— Information supplied —
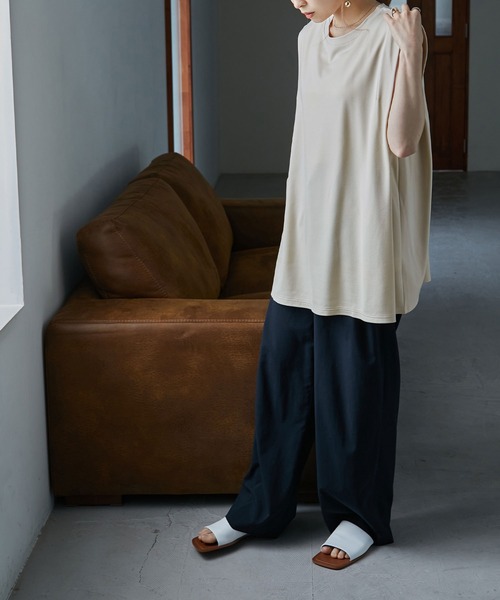 Fashion Letter(ファッションレター)の「シルケットライク ノースリーブ トップス(Tシャツ/カットソー・レディース・アイボリー/サンドベージュ/ライトグリーン/ブラック・M)」の21枚目の写真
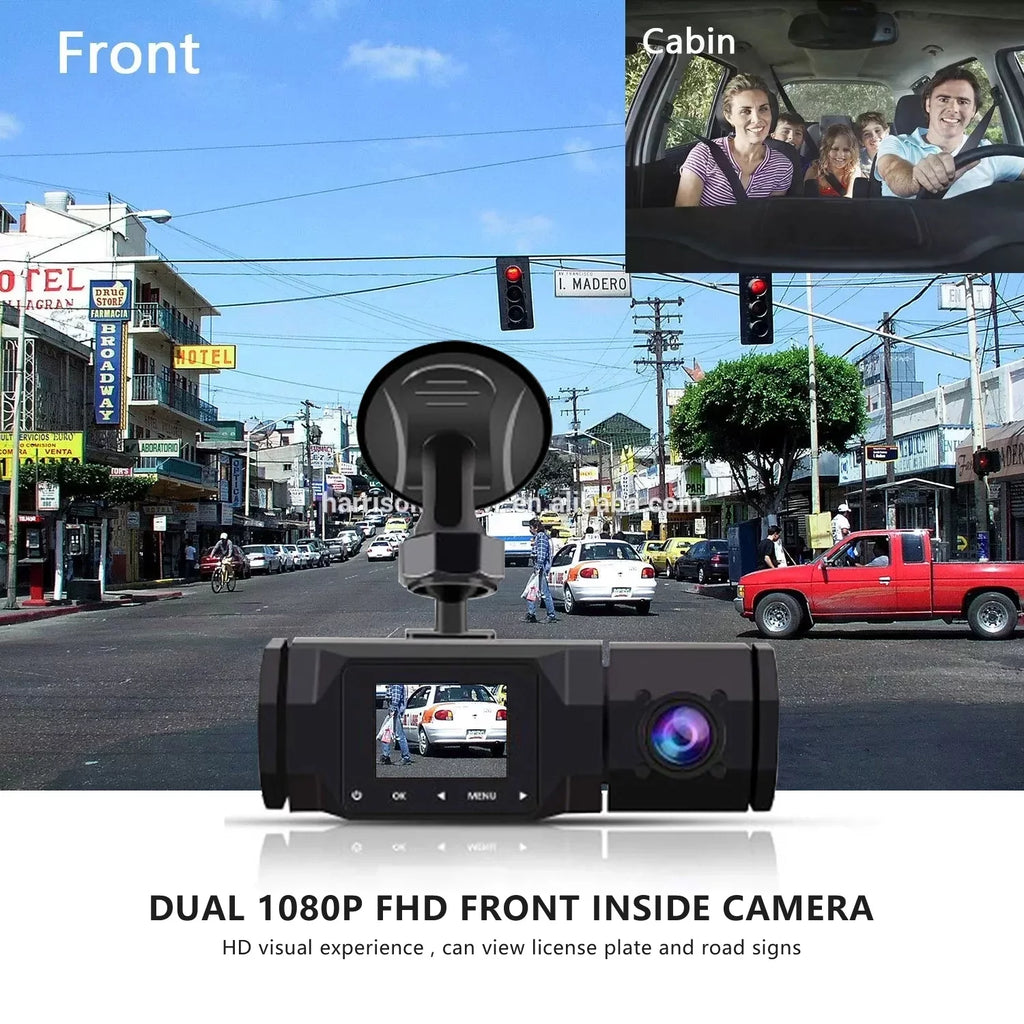 FIEWESizeEY Dash Cam WiFi 1080P Dual Dash Cam Front and Inside, Parking Mode, Loop Recording Dash Camera Driving Recorder with GPSize and Sizepeed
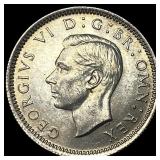 1950 Great Britain Silver 6 Pence - George VI NEAR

— Task description —
Restate the whole listing word for word. Omit the pictures.

— Response below —
 Fashion Letter(ファッションレター)の「シルケットライク ノースリーブ トップス(Tシャツ/カットソー・レディース・アイボリー/サンドベージュ/ライトグリーン/ブラック・M)」の21枚目の写真
 FIEWESizeEY Dash Cam WiFi 1080P Dual Dash Cam Front and Inside, Parking Mode, Loop Recording Dash Camera Driving Recorder with GPSize and Sizepeed
 1950 Great Britain Silver 6 Pence - George VI NEAR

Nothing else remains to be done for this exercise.